Ping An Technology Innovation Hybrid Fund manager Zhai Sen also thinks that from a long-term perspective, AI’s impact on traditional industries is not overestimated—in some niche areas, it may even be underestimated.

Market Will Enter a Phase of Assimilation and Validation

The market’s focus is on whether the AI panic selling in US stocks in February will continue. Many institutions believe that the correction is not over but that the extreme phase is passing, and the market will enter a period of digestion and validation.

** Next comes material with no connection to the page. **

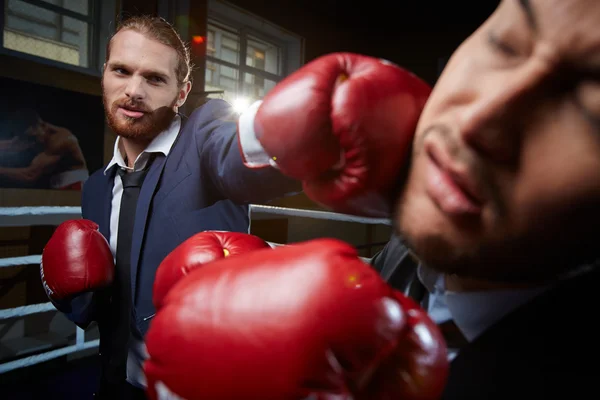 Businessman hitting his rival — Stock Photo, Image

Hé Bingyu, co-chief analyst of the Computer Sector at Zhongtai Securities, told reporters that panic trading may last about one quarter. He explained that it takes at least one quarter for the initial panic to be validated by financial data; if the latest quarterly reports show no deterioration, panic sentiment will significantly weaken. After a quarter of adjustment, most panic positions will have been cleared, reducing the likelihood of large-scale sell-offs. However, he warned that if operational or financial data turn negative, the adjustment period could extend.

Zhang Lin, chief analyst of the Communications Industry at Industrial Securities’ Institute of Economics and Finance, shared a similar view, expecting the correction to last 1–2 quarters until the next earnings season provides a fundamental test. He noted that sector differentiation will become clear as earnings reports are released: companies that demonstrate AI-driven cost optimization or improve service efficiency and ARPU (average revenue per user) through “human-machine collaboration” will lead the valuation recovery; those slower to adapt will see a longer valuation reset cycle. The true sign of stabilization will be when leading companies confirm that AI technology does not erode core profit margins but instead becomes a new growth engine.

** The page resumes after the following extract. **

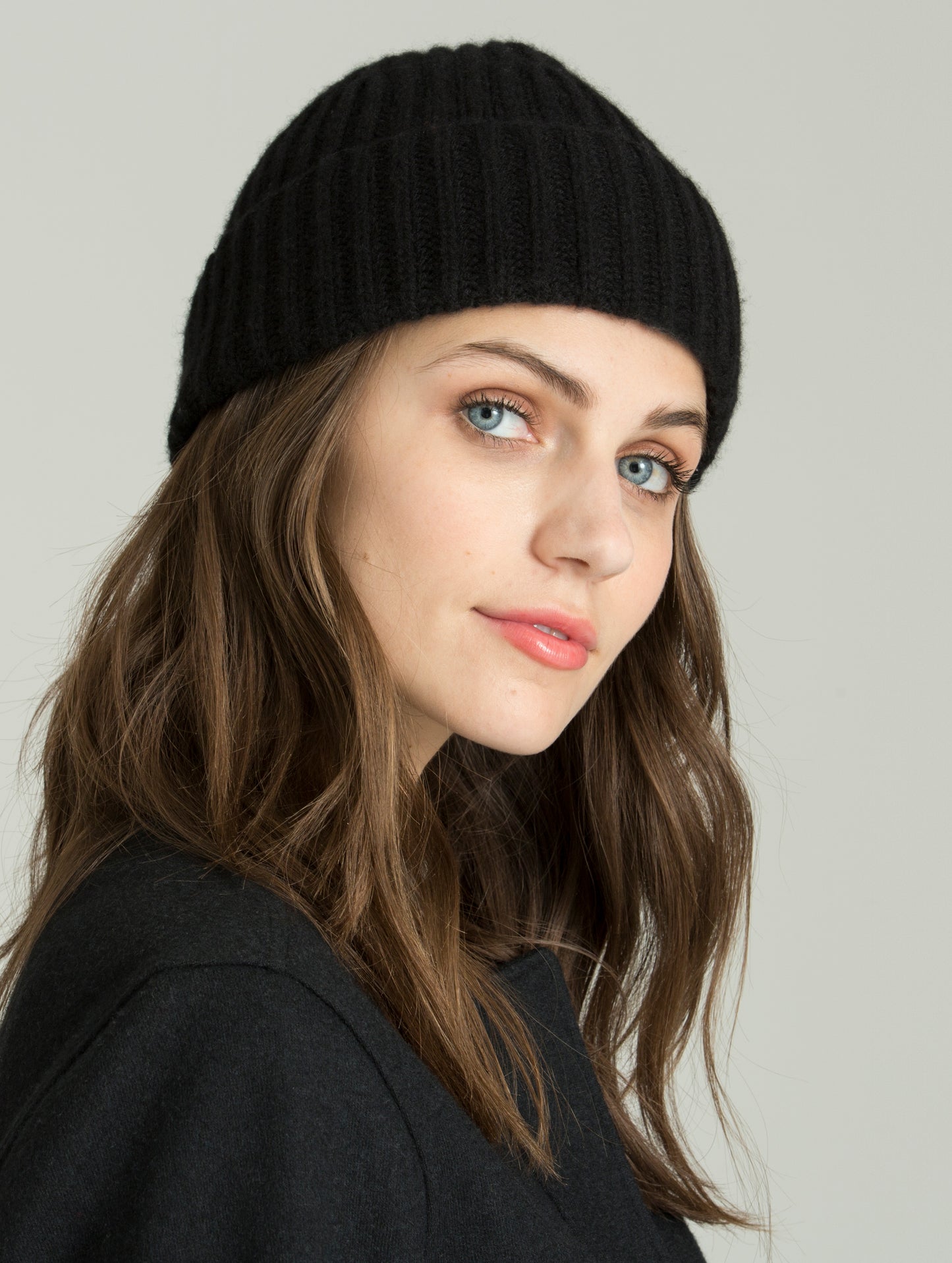 Front angled view of woman wearing Cashmere Hat in Jet Black from AETHER Apparel.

Wu Mingyuan provided a more detailed timeline: in the short term, volatility will intensify over the next 1–3 months, with indiscriminate selling and rebounds intertwined. Any breakthroughs in AI technology or downward revisions in earnings guidance could trigger another wave of sell-offs. In the medium term, 3–12 months, fundamentals will be tested, and sector differentiation will intensify. The second half of 2026 will be a critical point—if layoffs in the software industry occur earlier than expected, panic will deepen. Long-term, 1–3 years, a new order will be established, with SaaS subscription models shifting toward a “usage-based + results-based” hybrid, and platform companies with native AI capabilities will emerge.

Some institutions remain relatively optimistic. Yang Cheng believes that panic sentiment is gradually easing, and the market is entering a phase of “distinguishing true from false.” Liu Yang, deputy general manager of Shenwan Hongyuan Research, and Huang Zhonghuang, chief analyst of the Computer Sector, stated that based on the change in global risk appetite in February, the market correction has entered its latter stages, and we are now in a phase of calming pessimism.